Kenapa kata ini menjadi kata kontroversi dan bisa berbahaya? Ayo kita coba bedah! Kenapa ada muncul isu “pribumi” di Indonesia?

Sepengamatan saya, isu “pribumi” muncul di tengah masyarakat terjadi pada 2 kasus kejadian, yaitu: Pertama, Isu Pribumi keIndonesiaan, yaitu isu kesenjangan atau kecemburuan antara bangsa asli Indonesia dengan etnis pendatang baru seperti etnis Cina, Arab dan India yang cenderung dituding tidak jelas nasionalismenya. (Catatan: perlu diskusi khusus membahas tentang Indonesia asli dan pendatang).

Kedua, Isu Pribumi Daerah, yakni putra daerah atau penduduk setempat yang sudah lama menempati suatu daerah secara turun-temurun tetapi perekonomian dan atau kehidupan sosial-politiknya dikuasai oleh suku lain meski sesama bangsa Indonesia.
Seperti kecemburuan penduduk daerah kepada suku Jawa terjadi di Sumatera dan daerah lainnya atau kasus Sampit di Kalimantan dll.

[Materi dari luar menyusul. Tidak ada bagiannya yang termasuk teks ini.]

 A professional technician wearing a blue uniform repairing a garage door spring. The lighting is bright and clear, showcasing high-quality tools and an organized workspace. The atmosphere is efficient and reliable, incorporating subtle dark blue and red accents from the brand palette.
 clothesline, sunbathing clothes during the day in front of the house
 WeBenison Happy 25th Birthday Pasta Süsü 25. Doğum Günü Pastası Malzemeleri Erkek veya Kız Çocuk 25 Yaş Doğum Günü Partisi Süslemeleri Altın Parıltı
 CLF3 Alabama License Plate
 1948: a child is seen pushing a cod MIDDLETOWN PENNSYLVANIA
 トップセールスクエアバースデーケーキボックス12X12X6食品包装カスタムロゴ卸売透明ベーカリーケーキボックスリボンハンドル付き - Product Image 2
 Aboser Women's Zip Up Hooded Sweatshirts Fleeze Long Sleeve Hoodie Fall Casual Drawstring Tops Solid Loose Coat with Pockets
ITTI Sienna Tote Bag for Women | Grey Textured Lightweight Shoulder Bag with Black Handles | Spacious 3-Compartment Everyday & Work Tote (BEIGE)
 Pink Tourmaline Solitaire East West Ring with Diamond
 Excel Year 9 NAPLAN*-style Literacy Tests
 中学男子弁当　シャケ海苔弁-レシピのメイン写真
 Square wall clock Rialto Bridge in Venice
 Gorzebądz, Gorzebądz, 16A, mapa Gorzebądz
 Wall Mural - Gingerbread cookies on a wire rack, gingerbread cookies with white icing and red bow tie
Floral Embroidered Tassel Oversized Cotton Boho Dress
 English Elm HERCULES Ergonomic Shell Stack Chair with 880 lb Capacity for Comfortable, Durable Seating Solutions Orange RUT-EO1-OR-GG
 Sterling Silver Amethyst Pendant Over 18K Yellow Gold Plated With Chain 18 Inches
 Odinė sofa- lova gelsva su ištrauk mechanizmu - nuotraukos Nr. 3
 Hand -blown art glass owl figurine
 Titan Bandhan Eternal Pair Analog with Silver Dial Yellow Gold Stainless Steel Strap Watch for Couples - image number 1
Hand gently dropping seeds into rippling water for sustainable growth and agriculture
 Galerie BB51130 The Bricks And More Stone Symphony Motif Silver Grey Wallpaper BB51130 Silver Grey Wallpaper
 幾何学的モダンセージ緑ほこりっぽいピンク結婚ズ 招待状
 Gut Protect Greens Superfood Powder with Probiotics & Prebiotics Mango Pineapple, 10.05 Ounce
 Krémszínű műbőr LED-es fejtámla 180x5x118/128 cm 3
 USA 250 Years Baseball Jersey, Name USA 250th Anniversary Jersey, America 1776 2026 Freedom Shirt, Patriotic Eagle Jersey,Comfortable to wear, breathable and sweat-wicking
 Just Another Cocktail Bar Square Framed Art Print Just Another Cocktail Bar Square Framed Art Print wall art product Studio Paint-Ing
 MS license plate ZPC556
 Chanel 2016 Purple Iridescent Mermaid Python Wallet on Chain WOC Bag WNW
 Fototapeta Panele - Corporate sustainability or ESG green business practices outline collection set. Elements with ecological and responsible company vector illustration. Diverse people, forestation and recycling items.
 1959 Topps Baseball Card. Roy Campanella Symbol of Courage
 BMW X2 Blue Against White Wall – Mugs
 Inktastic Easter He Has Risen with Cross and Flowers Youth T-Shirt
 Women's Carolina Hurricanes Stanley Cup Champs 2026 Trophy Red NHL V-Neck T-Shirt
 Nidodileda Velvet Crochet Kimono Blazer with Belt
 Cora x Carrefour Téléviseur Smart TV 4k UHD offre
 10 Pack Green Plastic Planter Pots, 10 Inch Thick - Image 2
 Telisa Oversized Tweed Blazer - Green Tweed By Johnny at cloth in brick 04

Kecemburuan ini disebabkan ada yang berapa faktor yaitu antara lain : a) Kesenjangan ekonomi, b) Kesenjangan sosial dan c) Rasa nasionalisme sempit.

Memang tidak dipungkiri pada jaman Soerharto/Orba antara penduduk asli Indonesia dengan etnis pendatang terjadi ketimpangan yang tajam.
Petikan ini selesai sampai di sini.